Abordagem
Em muitos casos, o diagnóstico é feito incidentalmente ou após rastreamento motivado por diagnóstico de hemocromatose em um membro da família. Nesses casos, o paciente pode não apresentar qualquer sintoma ou complicação da doença. A hemocromatose deve ser considerada em pacientes com astenia crônica inexplicada, artropatia, impotência, hiperpigmentação, anormalidades em testes de função hepática ou cirrose, diabetes, cardiomiopatia, porfiria cutânea tardia (caracterizada por doença cutânea, como pele frágil, vesículas, bolhas e disfunção hepática leve), condrocalcinose (calcificação radiográfica na hialina e/ou fibrocartilagem), carcinoma hepatocelular e hiperferritinemia.

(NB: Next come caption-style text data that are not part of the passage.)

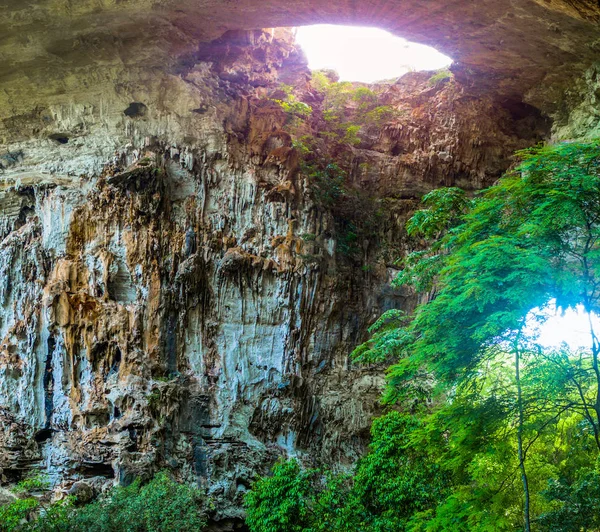 Luz Através Buraco Telhado Caverna Tharlode Yai — Fotografia de Stock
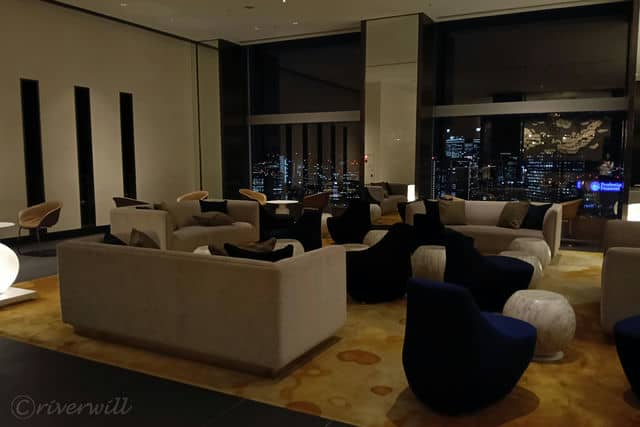 夜景が美しいフロント前のラウンジ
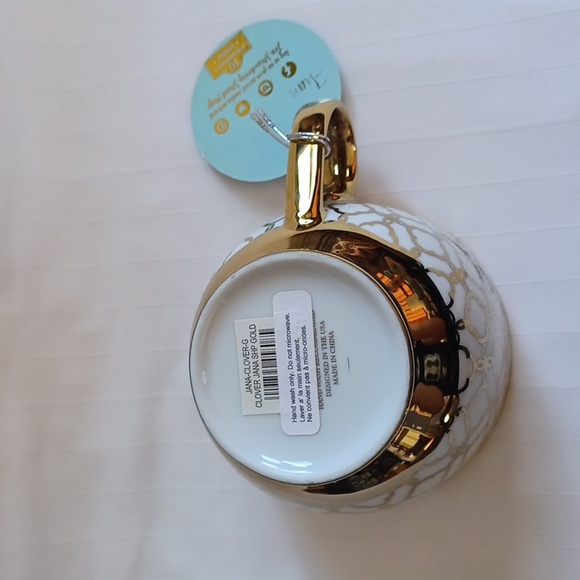 10 Strawberry Street Gold Oversized Tea Cup - Picture 4 of 7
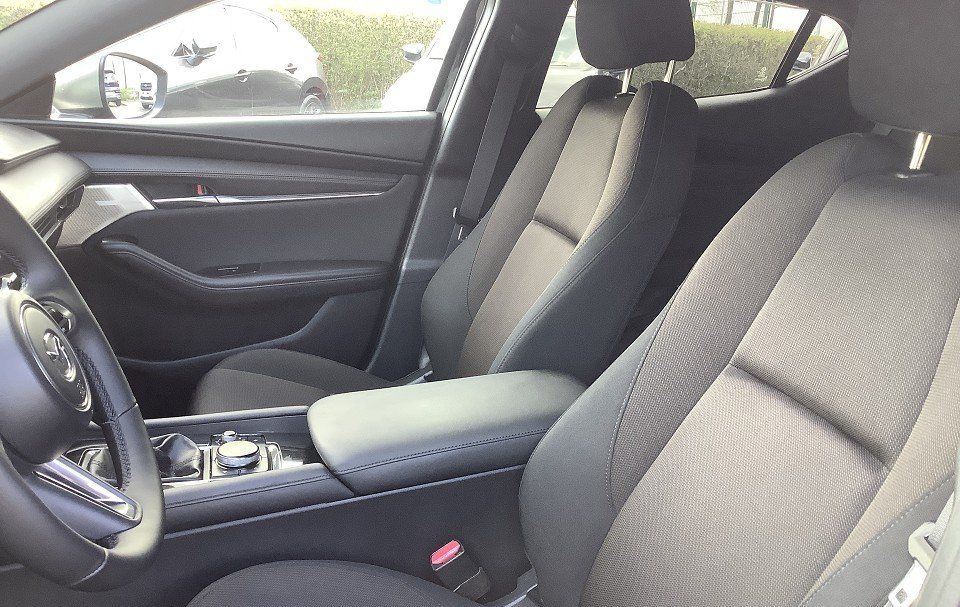 Mazda 3 2.0 X  Selection Performance Sport-Paket foto 12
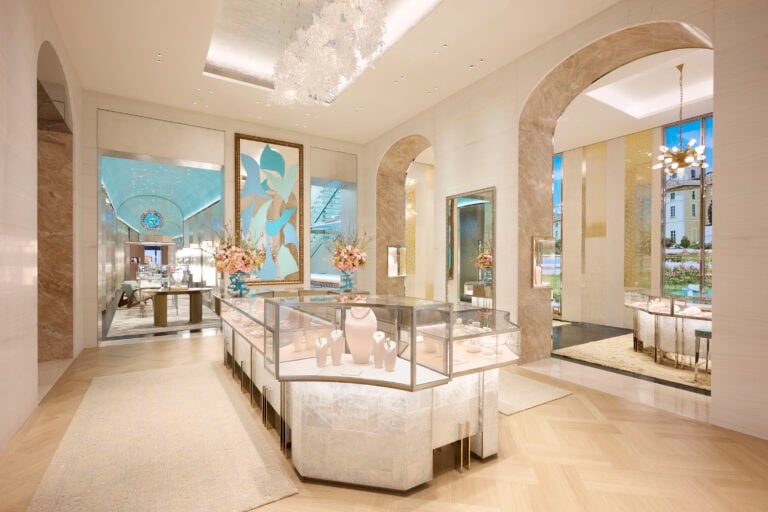 Il nuovo negozio di Tiffany a Milano è pieno di opere d’arte e gioielli da museo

Pacientes com ferro hepático aumentado (evidente em biópsia hepática ou ressonância nuclear magnética [RNM]) também devem ser avaliados para hemocromatose.[8]
Avaliação clínica
Embora letargia, fadiga, perda da libido e bronzeamento da pele sejam considerados os principais sintomas de hemocromatose, um estudo de base populacional indicou que esses sintomas e sinais não são mais comuns em homozigotos C282Y que em indivíduos sem mutações do gene HFE.[28]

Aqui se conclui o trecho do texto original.